La situation économique et sociale se détériore de plus en plus. Les suppressions d’emploi se multiplient, dans le public comme dans le privé, les conditions de travail se dégradent, la précarité se développe et les inégalités sociales continuent de se creuser. Prenant prétexte de la crise (entraînée par la politique libérale), le gouvernement poursuit sa politique d’austérité. Les premières annoncent du budget 2011 le confirment.
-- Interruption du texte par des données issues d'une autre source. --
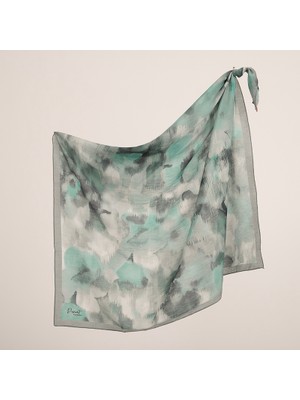 Piramit Spring Viscon Eşarp | Duman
Prenant prétexte de quelques faits divers, le président et le gouvernement ont multiplié, cet été, les annonces sécuritaires, les propos xénophobes, stigmatisant en particulier les Roms. Ces mesures visent à détourner l’opinion des échecs de la politique économique et sociale du pouvoir et de sa réforme des retraites de plus en plus impopulaire. Elles visent aussi à récupérer l’électorat d’extrême droite n’hésitant pas à brader les principes fondamentaux de notre démocratie.
La FSU condamne cette politique honteuse et dangereuse. Elle s’associe à l’appel citoyen que vient de lancer la LDH. Elle a participé aux manifestations du 4 septembre qui ont montré un sursaut et une opposition citoyenne face à cette politique xénophobe et raciste du gouvernement. Elle appelle à participer massivement à la mobilisation nationale du 16 octobre dont les modalités régionales seront connues dans les jours à venir.. Elle condamne la loi LOPPSI 2 et le projet de la loi Besson sur l’immigration, dont elle demande le retrait. Elle appelle à participer à la manifestation de ce samedi 25 septembre à Lille, 17h, Place de la République.

- Éducation

Le Ministre de l’Éducation a inscrit la rentrée scolaire dans la logique gouvernementale du tout sécuritaire et ne s’est exprimé que sur les sanctions aux élèves, les Établissements de Réinsertion scolaire. Le gouvernement renonce délibérément à la réussite de tous les élèves par des conditions d’enseignement extrêmement dégradées (Effectifs vertigineux, non scolarisation massive des enfants de 2 ans, effondrement des options en lycée…) ou même en rendant impossible la scolarisation de centaines d’élèves en LP et confirme des dégradations des conditions de travail pour tous les personnels : enseignants, personnels d’éducation, personnels administratifs, co-psy, assistants sociaux, infirmières, TOS… La FSU rappelle son opposition à la présence des policiers dans les établissements.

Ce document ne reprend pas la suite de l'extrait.